- PROBLEM STATEMENT: Give back exactly the lines of the material below, starting with the line with "Nova pendant attachment" and going on through the line with "Golden Treasure Chest".

- INPUT RECORDS:

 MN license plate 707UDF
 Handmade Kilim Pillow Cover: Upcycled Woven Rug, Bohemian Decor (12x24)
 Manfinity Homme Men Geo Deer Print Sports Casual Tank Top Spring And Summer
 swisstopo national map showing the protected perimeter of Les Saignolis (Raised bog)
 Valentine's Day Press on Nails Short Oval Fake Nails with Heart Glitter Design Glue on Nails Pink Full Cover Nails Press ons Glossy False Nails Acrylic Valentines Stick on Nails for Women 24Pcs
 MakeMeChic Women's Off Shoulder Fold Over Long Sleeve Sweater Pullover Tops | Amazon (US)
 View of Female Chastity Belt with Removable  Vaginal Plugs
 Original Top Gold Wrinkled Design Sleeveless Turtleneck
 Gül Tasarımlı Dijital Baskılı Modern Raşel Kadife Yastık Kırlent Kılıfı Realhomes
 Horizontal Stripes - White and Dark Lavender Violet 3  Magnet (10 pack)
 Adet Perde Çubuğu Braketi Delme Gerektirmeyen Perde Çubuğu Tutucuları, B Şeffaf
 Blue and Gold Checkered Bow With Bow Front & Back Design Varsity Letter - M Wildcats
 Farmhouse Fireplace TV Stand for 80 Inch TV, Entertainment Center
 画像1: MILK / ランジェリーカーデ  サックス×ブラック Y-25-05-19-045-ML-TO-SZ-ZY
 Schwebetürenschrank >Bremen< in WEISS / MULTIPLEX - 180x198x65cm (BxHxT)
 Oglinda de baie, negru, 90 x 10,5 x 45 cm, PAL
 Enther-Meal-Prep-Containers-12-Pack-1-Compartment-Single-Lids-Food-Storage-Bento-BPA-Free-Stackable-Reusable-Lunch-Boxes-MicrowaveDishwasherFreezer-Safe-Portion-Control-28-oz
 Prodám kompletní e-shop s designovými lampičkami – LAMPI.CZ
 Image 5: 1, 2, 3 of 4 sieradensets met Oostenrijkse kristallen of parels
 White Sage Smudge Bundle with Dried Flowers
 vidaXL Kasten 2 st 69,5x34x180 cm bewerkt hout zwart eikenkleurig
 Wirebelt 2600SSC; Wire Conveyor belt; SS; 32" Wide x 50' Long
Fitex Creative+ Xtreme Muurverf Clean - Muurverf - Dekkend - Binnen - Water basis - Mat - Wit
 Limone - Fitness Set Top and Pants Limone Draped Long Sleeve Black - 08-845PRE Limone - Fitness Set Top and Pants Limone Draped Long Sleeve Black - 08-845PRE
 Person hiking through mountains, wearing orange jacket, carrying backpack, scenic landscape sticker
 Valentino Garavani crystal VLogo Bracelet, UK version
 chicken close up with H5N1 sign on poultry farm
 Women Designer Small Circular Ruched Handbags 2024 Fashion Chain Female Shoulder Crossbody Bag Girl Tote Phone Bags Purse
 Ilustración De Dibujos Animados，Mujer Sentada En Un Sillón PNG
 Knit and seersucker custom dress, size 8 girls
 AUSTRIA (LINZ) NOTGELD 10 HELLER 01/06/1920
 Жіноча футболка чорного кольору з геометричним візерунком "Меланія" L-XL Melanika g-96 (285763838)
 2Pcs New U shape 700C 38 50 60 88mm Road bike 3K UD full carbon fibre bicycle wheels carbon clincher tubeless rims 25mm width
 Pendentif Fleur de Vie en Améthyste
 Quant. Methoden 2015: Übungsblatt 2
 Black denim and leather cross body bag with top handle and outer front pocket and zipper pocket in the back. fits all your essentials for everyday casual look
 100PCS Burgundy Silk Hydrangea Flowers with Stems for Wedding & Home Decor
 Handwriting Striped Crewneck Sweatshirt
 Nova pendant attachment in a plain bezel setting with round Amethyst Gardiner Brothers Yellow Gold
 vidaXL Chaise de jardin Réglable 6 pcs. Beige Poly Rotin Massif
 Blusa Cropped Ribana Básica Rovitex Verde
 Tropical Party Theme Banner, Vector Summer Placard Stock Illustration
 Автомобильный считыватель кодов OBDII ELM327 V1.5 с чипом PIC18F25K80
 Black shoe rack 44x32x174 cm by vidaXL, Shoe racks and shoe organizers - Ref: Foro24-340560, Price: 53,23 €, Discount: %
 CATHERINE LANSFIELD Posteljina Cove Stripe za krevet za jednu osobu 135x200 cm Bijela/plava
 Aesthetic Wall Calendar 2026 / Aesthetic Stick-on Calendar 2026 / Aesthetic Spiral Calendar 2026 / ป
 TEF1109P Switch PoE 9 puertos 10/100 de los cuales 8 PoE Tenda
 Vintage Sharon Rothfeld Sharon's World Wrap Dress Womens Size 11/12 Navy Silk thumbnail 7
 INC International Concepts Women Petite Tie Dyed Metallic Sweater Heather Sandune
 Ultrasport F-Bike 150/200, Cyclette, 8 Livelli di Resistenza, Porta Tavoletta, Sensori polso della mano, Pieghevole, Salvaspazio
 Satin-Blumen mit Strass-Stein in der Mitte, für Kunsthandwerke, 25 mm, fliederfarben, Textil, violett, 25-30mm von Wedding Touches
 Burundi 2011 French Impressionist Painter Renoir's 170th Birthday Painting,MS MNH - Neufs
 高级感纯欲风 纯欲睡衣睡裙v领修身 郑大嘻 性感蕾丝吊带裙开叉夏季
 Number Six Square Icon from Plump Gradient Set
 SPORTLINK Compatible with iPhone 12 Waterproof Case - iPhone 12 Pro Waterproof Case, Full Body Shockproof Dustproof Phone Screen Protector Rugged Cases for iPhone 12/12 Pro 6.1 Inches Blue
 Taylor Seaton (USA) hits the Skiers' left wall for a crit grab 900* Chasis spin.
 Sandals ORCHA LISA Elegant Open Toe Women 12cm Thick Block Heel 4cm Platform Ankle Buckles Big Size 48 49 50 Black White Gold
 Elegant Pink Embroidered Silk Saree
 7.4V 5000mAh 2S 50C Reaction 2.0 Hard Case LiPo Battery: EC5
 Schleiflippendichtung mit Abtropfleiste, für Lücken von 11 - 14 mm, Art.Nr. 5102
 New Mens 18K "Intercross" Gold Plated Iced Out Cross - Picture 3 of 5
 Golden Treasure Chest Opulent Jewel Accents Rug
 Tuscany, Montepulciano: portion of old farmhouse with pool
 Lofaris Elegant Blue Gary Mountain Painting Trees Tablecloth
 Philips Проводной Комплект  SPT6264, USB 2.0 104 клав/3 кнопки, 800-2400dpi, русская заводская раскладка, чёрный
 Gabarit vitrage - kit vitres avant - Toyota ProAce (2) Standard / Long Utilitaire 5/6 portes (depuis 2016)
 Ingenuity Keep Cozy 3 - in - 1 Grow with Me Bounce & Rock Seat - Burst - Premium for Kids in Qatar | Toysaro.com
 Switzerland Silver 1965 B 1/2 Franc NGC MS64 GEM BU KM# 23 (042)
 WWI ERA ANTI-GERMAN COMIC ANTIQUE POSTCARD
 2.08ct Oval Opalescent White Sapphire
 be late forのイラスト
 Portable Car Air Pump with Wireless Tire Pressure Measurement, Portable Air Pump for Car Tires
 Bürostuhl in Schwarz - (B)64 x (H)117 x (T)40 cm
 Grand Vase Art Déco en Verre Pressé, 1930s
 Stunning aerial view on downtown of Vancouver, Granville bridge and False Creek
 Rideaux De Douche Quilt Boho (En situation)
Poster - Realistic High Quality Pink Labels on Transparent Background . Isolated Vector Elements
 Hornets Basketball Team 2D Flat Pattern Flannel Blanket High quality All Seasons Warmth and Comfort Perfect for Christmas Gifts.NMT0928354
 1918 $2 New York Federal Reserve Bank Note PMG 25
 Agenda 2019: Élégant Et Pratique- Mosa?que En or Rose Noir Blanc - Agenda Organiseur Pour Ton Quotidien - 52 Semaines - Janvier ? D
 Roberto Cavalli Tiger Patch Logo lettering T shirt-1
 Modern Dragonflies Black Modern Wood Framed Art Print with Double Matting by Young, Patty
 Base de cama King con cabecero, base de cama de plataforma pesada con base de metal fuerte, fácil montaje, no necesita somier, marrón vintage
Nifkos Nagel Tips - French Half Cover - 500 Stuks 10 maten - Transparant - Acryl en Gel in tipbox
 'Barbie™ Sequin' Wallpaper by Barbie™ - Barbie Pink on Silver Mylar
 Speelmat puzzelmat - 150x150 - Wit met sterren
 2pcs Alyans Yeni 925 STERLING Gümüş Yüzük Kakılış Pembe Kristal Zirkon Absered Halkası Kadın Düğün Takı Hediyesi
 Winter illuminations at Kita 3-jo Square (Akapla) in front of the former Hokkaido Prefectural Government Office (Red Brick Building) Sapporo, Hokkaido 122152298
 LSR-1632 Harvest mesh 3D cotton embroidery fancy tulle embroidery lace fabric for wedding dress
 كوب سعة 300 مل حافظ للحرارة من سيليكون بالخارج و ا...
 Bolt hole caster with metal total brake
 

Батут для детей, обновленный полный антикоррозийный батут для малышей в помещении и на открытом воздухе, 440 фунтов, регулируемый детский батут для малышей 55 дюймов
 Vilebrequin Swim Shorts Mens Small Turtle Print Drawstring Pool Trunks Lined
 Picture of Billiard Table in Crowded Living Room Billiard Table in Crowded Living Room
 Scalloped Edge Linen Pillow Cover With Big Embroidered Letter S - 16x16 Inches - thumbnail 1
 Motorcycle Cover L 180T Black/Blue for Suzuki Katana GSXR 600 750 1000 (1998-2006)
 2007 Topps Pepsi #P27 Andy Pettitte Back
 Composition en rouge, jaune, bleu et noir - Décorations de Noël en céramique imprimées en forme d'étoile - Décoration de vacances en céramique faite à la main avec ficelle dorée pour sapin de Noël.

- ANSWER:
 Nova pendant attachment in a plain bezel setting with round Amethyst Gardiner Brothers Yellow Gold
 vidaXL Chaise de jardin Réglable 6 pcs. Beige Poly Rotin Massif
 Blusa Cropped Ribana Básica Rovitex Verde
 Tropical Party Theme Banner, Vector Summer Placard Stock Illustration
 Автомобильный считыватель кодов OBDII ELM327 V1.5 с чипом PIC18F25K80
 Black shoe rack 44x32x174 cm by vidaXL, Shoe racks and shoe organizers - Ref: Foro24-340560, Price: 53,23 €, Discount: %
 CATHERINE LANSFIELD Posteljina Cove Stripe za krevet za jednu osobu 135x200 cm Bijela/plava
 Aesthetic Wall Calendar 2026 / Aesthetic Stick-on Calendar 2026 / Aesthetic Spiral Calendar 2026 / ป
 TEF1109P Switch PoE 9 puertos 10/100 de los cuales 8 PoE Tenda
 Vintage Sharon Rothfeld Sharon's World Wrap Dress Womens Size 11/12 Navy Silk thumbnail 7
 INC International Concepts Women Petite Tie Dyed Metallic Sweater Heather Sandune
 Ultrasport F-Bike 150/200, Cyclette, 8 Livelli di Resistenza, Porta Tavoletta, Sensori polso della mano, Pieghevole, Salvaspazio
 Satin-Blumen mit Strass-Stein in der Mitte, für Kunsthandwerke, 25 mm, fliederfarben, Textil, violett, 25-30mm von Wedding Touches
 Burundi 2011 French Impressionist Painter Renoir's 170th Birthday Painting,MS MNH - Neufs
 高级感纯欲风 纯欲睡衣睡裙v领修身 郑大嘻 性感蕾丝吊带裙开叉夏季
 Number Six Square Icon from Plump Gradient Set
 SPORTLINK Compatible with iPhone 12 Waterproof Case - iPhone 12 Pro Waterproof Case, Full Body Shockproof Dustproof Phone Screen Protector Rugged Cases for iPhone 12/12 Pro 6.1 Inches Blue
 Taylor Seaton (USA) hits the Skiers' left wall for a crit grab 900* Chasis spin.
 Sandals ORCHA LISA Elegant Open Toe Women 12cm Thick Block Heel 4cm Platform Ankle Buckles Big Size 48 49 50 Black White Gold
 Elegant Pink Embroidered Silk Saree
 7.4V 5000mAh 2S 50C Reaction 2.0 Hard Case LiPo Battery: EC5
 Schleiflippendichtung mit Abtropfleiste, für Lücken von 11 - 14 mm, Art.Nr. 5102
 New Mens 18K "Intercross" Gold Plated Iced Out Cross - Picture 3 of 5
 Golden Treasure Chest Opulent Jewel Accents Rug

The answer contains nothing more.